When coal is gone, what remains?
“It just breaks my heart to look up there,” said Terry Sumner, still wearing the hi-vis jacket he used to bike 40 kilometers from Westport to his home in Denniston, up a big hill. Once a booming mining town with 1,500 people, multiple schools, a pool, and a post office, Denniston is now home to just half a dozen; Sumner is one of them. We’re looking at the Escarpment Mine, a Bathurst property opened in 2014. Coal mining was carried out for two years, before the international coking coal price dropped, and the mine was put into what the company calls “care and maintenance”, on hold until it can make more money. The bare, scraped earth, which Sumner described as a “scar”, was once a valley where his children played.
The Escarpment mine is just the most recent chapter in the story of coal work leaving the West Coast when it stops being economical for a company to extract. “I come from a mining town – not a single person is employed in mining any more,” said Silverwood. “Coal resources are really marginal – dropping the coking coal prices could knock the whole thing over.”
Cleine, the Westport mayor, acknowledges that at some point the town will have to transition away from reliance on coal jobs. “We know coal is not there forever, we need to start planning for life without coal now,” he said. But the three to five years the current mine buys them isn’t going to be enough, he said. “It’s just not feasible for there to be an economic replacement when Stockton closes… 30 years would give us time to develop more tourism or local electricity sources to power some manufacturing”
Regardless of the outcome of its Fast-track proposal, Bathurst is willing to look elsewhere. In 2023, it acquired Tenas, a coal mining operation in British Colombia, Canada, which is expected to begin producing coal in the 2027 financial year and is currently receiving environmental approval. It also has an interest in Crown Mountain, another joint-venture coal operation in British Colombia.
Mine closures are not new here. Sumner showed Drilled around Denniston: the broken pool, gated dark mouths that were once functioning underground mines, capped drill holes where surveyors came looking for a seam. There was even a rotting leather boot, with marks from the hobnails still in it.
Among the human detritus, small plants crept across the ground and lichens made elaborate castles on the sandstone. Denniston’s ecological uniqueness, with rare lichens, snails and endangered kiwi, have been a key focus of protest action, with Climate Liberation Aotearoa and Forest and Bird inviting ecologists to talk about the species in the area. Snails removed when the Stockton mine opened died when the temperature control on their fridge malfunctioned.
“We’ve got a climate catastrophe going on,” said Sumner. His old house rattles with strong winds and sudden downpours; he’s been able to grow lettuces for the first time, never before possible on the chilly plateau.

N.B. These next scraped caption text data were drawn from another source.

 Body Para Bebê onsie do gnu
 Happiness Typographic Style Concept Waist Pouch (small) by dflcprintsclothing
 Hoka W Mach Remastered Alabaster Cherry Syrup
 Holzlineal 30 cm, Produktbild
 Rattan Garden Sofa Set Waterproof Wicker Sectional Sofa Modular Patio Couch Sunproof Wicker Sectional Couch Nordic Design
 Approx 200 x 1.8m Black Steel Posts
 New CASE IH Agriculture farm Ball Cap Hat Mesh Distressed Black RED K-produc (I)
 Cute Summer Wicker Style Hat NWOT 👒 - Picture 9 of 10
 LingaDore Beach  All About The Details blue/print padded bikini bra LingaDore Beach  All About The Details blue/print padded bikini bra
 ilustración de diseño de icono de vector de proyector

This trash is from a century and a half of extraction, even before the modern tools of open-face mines. As the campaign to oppose this mine continues, the debris is a reminder that when the coal is gone, there is always stuff, and people, left behind. What can’t be seen, of course, is the other effect of mining and burning coal: molecules of carbon dioxide floating in the atmosphere far above. The only reminder of those is Sumner’s lettuce seedlings, ready for another, warmer springtime.